SCRANTON -- Former Scranton Mayor James Barrett McNulty has died, according to sources at City Hall.
James Barrett McNulty was born in Scranton on February 27, 1945, the eldest of six brothers and sisters.
And it was clear early on that politics was in his blood.
Jim McNulty first joined the staff of Congressman Dan Flood, before helping Republican Gene Peters win the Scranton mayor's office in 1969.
By 1974, he was deputy mayor.
By 1975 he was running for Lackawanna County Commissioner.
He finished fourth in his first race, but Jim McNulty would make a name for himself two years later, ironically, in another race he lost.
In 1977, McNulty ran in the Democratic primary for mayor of his hometown. He lost by 502 votes to Gene Hickey.
Undaunted, the young McNulty ran a flamboyant campaign, based on the popular "Rocky" movie, a campaign that used stickers for voters to write in McNulty's name on the ballot.
He brought youth and energy to an uphill battle, and when the sticker votes were counted and recounted, McNulty ended up losing to Hickey again, by just a few hundred votes.
But McNulty the fighter would no give up. When Hickey was sworn in as the new mayor, McNulty challenged the election results in court.
In 1979, he ran again for county commissioner, and won his first campaign for the Democratic nomination. But he finished fourth in November, and despite five campaigns in five years, Jim McNulty had been elected to nothing.
That all changed in 1981. An undaunted McNulty charged back into the Democratic primary for mayor, and beat the incumbent Gene Hickey in a three-way race.
He showed plenty of confidence at the polling place in November.
McNulty was sworn in as Scranton's 26th mayor in January 1982.
During his administration, the old Lackawanna Station reopened as a hotel, plans began to emerge for the economic development of Montage Mountain, and he and other officials, including former Governor Scranton even flew to Vermont to bring a train museum to Scranton called Steamtown.
When a giardiasis scare hit the city in 1984, McNulty got headlines by trucking in an 80,000 gallon tank of clean water, and by flying to Washington to testify about the quality of Scranton's drinking water.
McNulty also made news by collecting the garbage himself during a Scranton DPW strike.
And as he attended the installation of former Scranton Bishop John O'Connor in New York City later that year.
James Barrett McNulty , with his trademark red rose in the lapel, seemed a shoo-in for re-election in 1985. But McNulty 's greatest political disappointment was still to come.

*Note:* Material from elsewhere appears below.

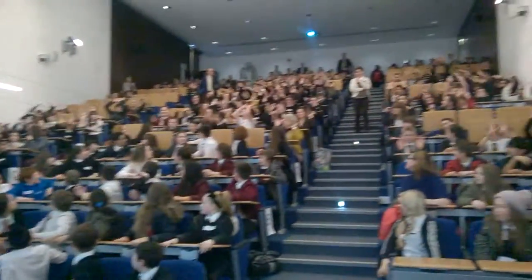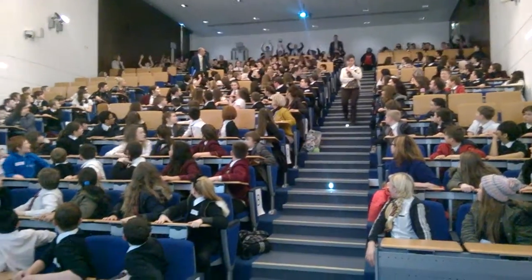Three, two, one, right off the boat! Stop and come on, what have we done again?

After beating back a challenge in the Democratic primary, McNulty made public splashes by courting department store owner Al Boscov to open a store in Scranton.

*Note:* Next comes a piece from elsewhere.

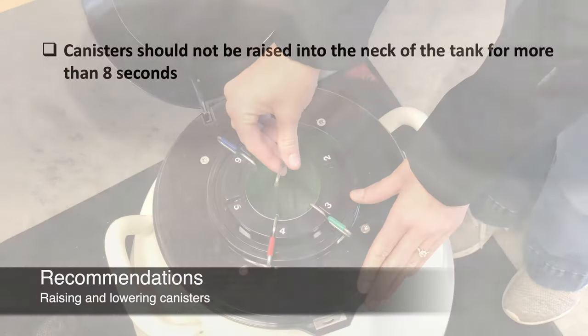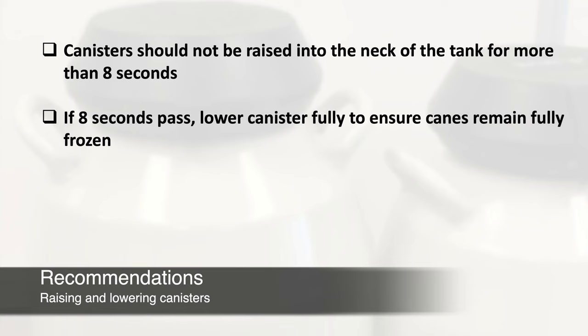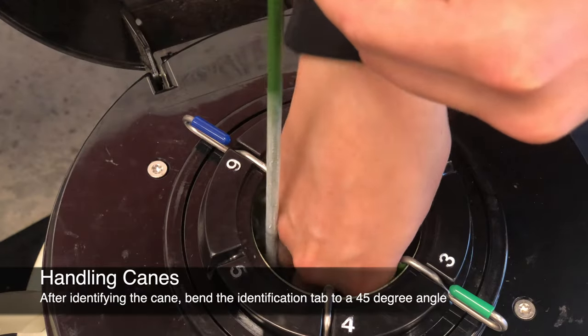We recommend that the canister should not be raised into the neck of the tank for more than eight seconds when removing straws or looking for the right cane. If eight seconds has passed, lower the canister back into the tank to ensure it remains fully frozen.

And for his hands-on response when Hurricane Gloria hit the city in September, including a confrontation with the water company over the quality of the city's drinking water after the storm.

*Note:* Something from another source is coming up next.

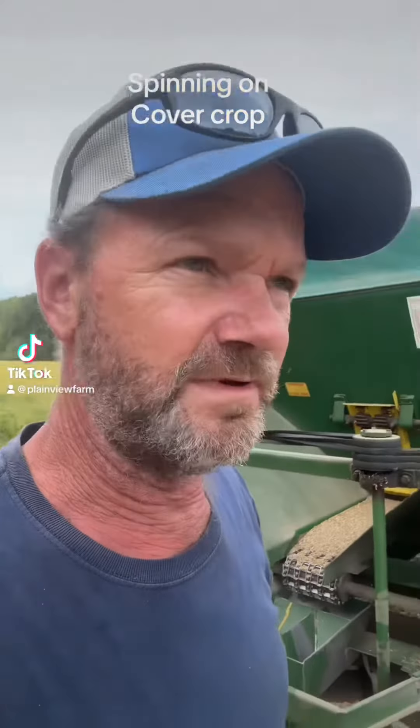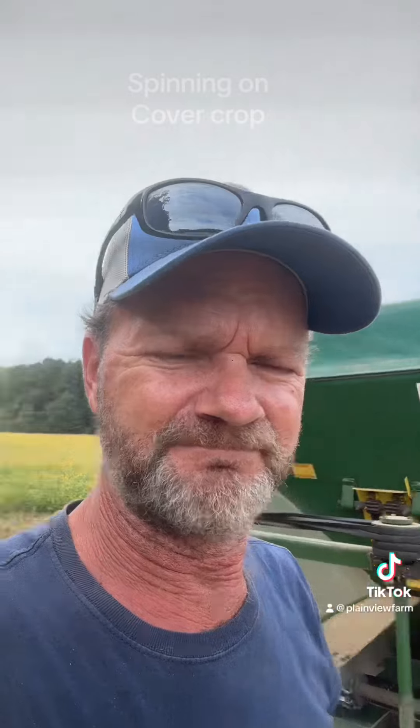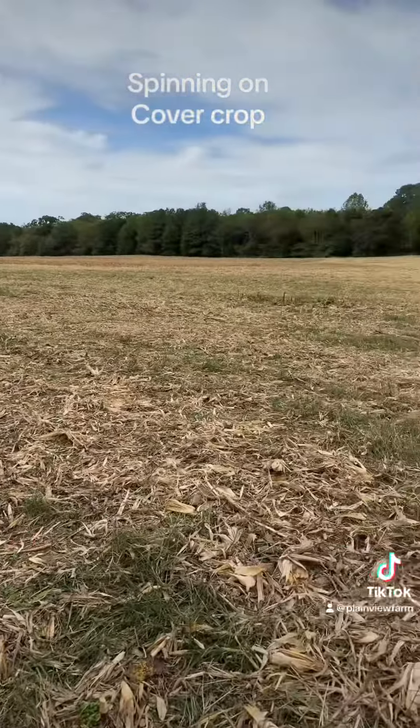We started cutting corn, on our fourth field. This is what the field looks like after we got the corn harvest off, and today I'm spin spreading on some cereal rye for cover crop.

By the time the election night came around, McNulty 's headline grabbing wasn't enough to get him reelected.
Republican David Wenzel beat McNulty by just 120 votes.
Jim McNulty 's term as mayor of Scranton was brief, but unforgettable.
After leaving office, he became a respected political consultant, and frequent commentator on TV.
He proposed to Evie Rafalko on primary election night 1989 and married her at 6 p.m. on the day after Valentines Day in 1991.
McNulty made one final run for office, losing in a crowded field in the Democratic primary for mayor in 1989. His wife, however found great political success as Lackawanna County's long-time recorder of deeds.
Jim McNulty , who seemed born to be a politician, ost far more elections than he won. But he left an indelible mark on the city he loved.